The meteor was descending even faster now, and it was definitely going to hit the Earth behind my house. I was out of my chair by this point, and slammed my hand on the closet light switch. I dressed myself in my favorite jeans and a hoodie; I seemed to have a natural resistance to cold temperatures, and I doubted the snowy world outside would bother me; it was one of the many interesting quirks I seemed to have. But my plan was this: I would find wherever that meteor landed, as it was a once-in-a-lifetime experience, and I was determined not to miss it. I'd figure out what to do about the space-rock when I actually found it. Looking outside, the meteor disappeared over the treetops, before lighting up the sky as bright as day. I was almost knocked over on my back, and I felt the vibration of the impact all the way inside my house. It shook the foundations like so many matchsticks, and several of my books fell off the shelves. Whatever my expedition would bring, I now believed I would remember it.
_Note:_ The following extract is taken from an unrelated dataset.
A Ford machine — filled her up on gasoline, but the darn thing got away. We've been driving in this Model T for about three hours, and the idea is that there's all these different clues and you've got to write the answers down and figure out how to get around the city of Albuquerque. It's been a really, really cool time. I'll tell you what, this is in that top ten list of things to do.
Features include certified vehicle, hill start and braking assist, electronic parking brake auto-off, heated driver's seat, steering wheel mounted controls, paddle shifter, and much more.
Slowly opening the front door, paying extra mind to the small amount of noise I was making on the hardwood floors, I slunk out of the house and gently shut the door behind me. "Now why hasn't anybody else noticed that meteor?" I remarked to myself. "It was certainly loud enough…" Shaking off my suspicions, I jumped the front steps and into the cool night air.
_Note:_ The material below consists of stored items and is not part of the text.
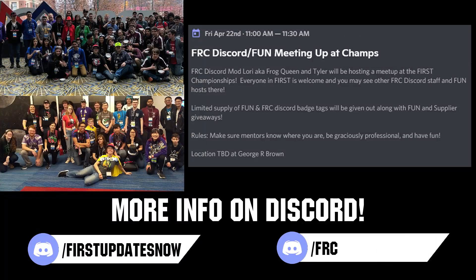If you are planning on attending the World Championship, come meet others in the FUN and FRC Discord community with our combined meetup on Friday, April 22nd at 11 a.m. local. Location will be announced closer to the event, and you can stay updated by following in either the FUN or FRC Discord.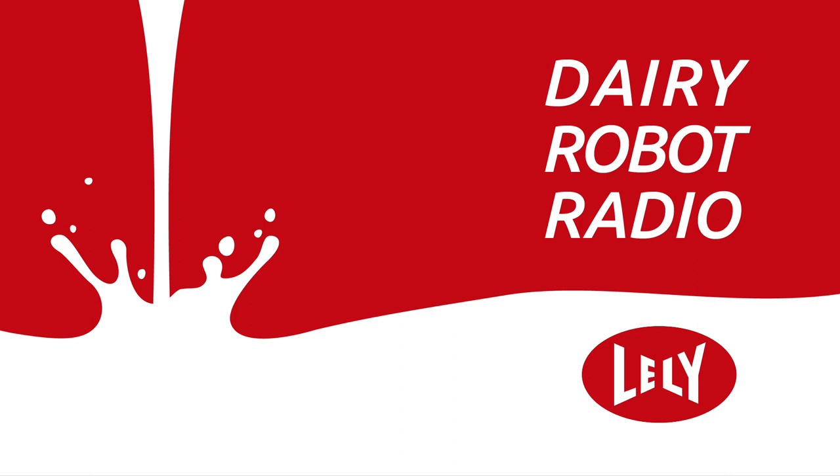You've been listening to Dairy Robot Radio, the show for dairy producers who want their questions answered by experts in dairy automation. Connect with us at dairyrobotradio.com to listen to all episodes and learn more about the topics and guests on the show. You can also find us on iTunes, Google Play, Stitcher, and Spotify.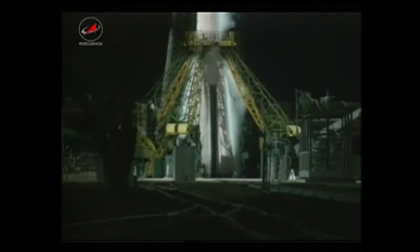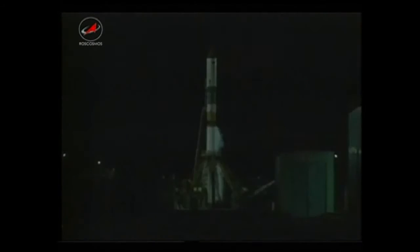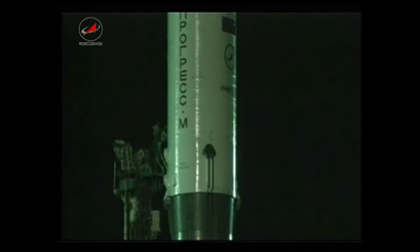Now inside seven minutes until launch, pre-launch operations now complete at the launch pad. The closeout crew was evacuated by bus to a safe distance away from the launch pad about 30 minutes ago after inspecting the launch pad to make sure that no foreign object debris was present that would interfere with the main engine start. Flight recorders are now up and running on the Soyuz booster and the Progress resupply ship according to technicians in the blockhouse at Baikonur.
I started off at a quick jog to the entrance of the park; even though I was more the intellectual type, that didn't mean I was out of shape (I tried not to conform to **all** the stereotypes). Slowing down when I came to the path, I turned right and headed into the forest proper. All sounds of the outside world ceased to exist in the forest, as if it were a soundproof room, and I suddenly felt quite a few degrees colder. Nondescript shapes seemed to watch me from the brush, waiting in the shadows for a chance to pounce. I knew these were just figments of my imagination, but I shivered anyways. Filled with a newfound apprehension, I continued my walk to where I thought the meteor had impacted the Earth.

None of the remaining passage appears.